== Exercise requirements ==
Your reply should consist solely of the lines from the start of the material below through the line containing "Implementation: The Geo.", reproduced exactly.

○ ○ ○ ○ ○

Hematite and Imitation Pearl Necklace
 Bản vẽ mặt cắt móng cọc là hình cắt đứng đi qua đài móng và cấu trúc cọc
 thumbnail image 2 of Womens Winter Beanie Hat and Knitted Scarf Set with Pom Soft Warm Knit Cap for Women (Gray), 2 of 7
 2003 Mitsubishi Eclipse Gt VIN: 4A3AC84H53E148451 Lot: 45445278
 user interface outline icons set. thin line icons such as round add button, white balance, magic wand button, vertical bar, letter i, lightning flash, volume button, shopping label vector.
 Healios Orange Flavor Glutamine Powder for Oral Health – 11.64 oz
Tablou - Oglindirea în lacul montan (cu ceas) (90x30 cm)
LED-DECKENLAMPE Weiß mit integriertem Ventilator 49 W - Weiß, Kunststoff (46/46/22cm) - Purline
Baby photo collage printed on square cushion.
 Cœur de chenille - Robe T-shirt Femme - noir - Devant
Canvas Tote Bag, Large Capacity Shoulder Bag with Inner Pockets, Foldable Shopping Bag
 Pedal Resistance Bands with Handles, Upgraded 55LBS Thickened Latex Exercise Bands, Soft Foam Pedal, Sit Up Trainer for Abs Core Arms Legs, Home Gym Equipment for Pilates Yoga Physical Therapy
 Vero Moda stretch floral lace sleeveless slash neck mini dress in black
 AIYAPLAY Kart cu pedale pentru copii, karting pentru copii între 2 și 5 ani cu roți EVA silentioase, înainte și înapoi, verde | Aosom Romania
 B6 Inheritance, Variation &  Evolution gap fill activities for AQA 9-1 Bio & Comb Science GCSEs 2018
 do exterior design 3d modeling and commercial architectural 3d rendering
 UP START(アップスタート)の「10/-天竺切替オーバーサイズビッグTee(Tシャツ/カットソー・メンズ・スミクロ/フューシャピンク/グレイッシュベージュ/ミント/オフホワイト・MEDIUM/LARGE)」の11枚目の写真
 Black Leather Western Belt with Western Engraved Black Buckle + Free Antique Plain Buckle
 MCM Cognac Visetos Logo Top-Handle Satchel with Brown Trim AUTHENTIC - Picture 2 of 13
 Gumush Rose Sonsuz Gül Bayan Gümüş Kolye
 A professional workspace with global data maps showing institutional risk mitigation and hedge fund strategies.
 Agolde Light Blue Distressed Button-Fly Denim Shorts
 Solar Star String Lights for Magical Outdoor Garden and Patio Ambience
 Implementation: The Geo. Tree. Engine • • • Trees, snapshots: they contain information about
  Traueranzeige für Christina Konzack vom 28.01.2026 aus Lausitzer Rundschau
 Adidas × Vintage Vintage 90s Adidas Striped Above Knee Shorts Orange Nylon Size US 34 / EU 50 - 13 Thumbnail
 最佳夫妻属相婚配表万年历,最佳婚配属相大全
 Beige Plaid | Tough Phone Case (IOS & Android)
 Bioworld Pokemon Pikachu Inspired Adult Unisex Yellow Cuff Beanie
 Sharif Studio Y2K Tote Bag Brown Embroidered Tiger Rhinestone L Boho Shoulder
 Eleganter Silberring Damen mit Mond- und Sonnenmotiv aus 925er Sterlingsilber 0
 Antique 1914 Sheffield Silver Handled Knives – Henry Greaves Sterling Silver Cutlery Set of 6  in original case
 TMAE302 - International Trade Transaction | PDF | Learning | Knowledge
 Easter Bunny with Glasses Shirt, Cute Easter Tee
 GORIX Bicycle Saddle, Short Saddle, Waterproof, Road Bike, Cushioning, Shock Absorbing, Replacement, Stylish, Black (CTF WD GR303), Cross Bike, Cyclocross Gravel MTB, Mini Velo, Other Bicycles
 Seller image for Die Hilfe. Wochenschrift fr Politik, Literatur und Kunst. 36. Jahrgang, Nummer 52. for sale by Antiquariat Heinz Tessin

○ ○ ○ ○ ○

== Response to this task ==
Hematite and Imitation Pearl Necklace
 Bản vẽ mặt cắt móng cọc là hình cắt đứng đi qua đài móng và cấu trúc cọc
 thumbnail image 2 of Womens Winter Beanie Hat and Knitted Scarf Set with Pom Soft Warm Knit Cap for Women (Gray), 2 of 7
 2003 Mitsubishi Eclipse Gt VIN: 4A3AC84H53E148451 Lot: 45445278
 user interface outline icons set. thin line icons such as round add button, white balance, magic wand button, vertical bar, letter i, lightning flash, volume button, shopping label vector.
 Healios Orange Flavor Glutamine Powder for Oral Health – 11.64 oz
Tablou - Oglindirea în lacul montan (cu ceas) (90x30 cm)
LED-DECKENLAMPE Weiß mit integriertem Ventilator 49 W - Weiß, Kunststoff (46/46/22cm) - Purline
Baby photo collage printed on square cushion.
 Cœur de chenille - Robe T-shirt Femme - noir - Devant
Canvas Tote Bag, Large Capacity Shoulder Bag with Inner Pockets, Foldable Shopping Bag
 Pedal Resistance Bands with Handles, Upgraded 55LBS Thickened Latex Exercise Bands, Soft Foam Pedal, Sit Up Trainer for Abs Core Arms Legs, Home Gym Equipment for Pilates Yoga Physical Therapy
 Vero Moda stretch floral lace sleeveless slash neck mini dress in black
 AIYAPLAY Kart cu pedale pentru copii, karting pentru copii între 2 și 5 ani cu roți EVA silentioase, înainte și înapoi, verde | Aosom Romania
 B6 Inheritance, Variation &  Evolution gap fill activities for AQA 9-1 Bio & Comb Science GCSEs 2018
 do exterior design 3d modeling and commercial architectural 3d rendering
 UP START(アップスタート)の「10/-天竺切替オーバーサイズビッグTee(Tシャツ/カットソー・メンズ・スミクロ/フューシャピンク/グレイッシュベージュ/ミント/オフホワイト・MEDIUM/LARGE)」の11枚目の写真
 Black Leather Western Belt with Western Engraved Black Buckle + Free Antique Plain Buckle
 MCM Cognac Visetos Logo Top-Handle Satchel with Brown Trim AUTHENTIC - Picture 2 of 13
 Gumush Rose Sonsuz Gül Bayan Gümüş Kolye
 A professional workspace with global data maps showing institutional risk mitigation and hedge fund strategies.
 Agolde Light Blue Distressed Button-Fly Denim Shorts
 Solar Star String Lights for Magical Outdoor Garden and Patio Ambience
 Implementation: The Geo. Tree. Engine • • • Trees, snapshots: they contain information about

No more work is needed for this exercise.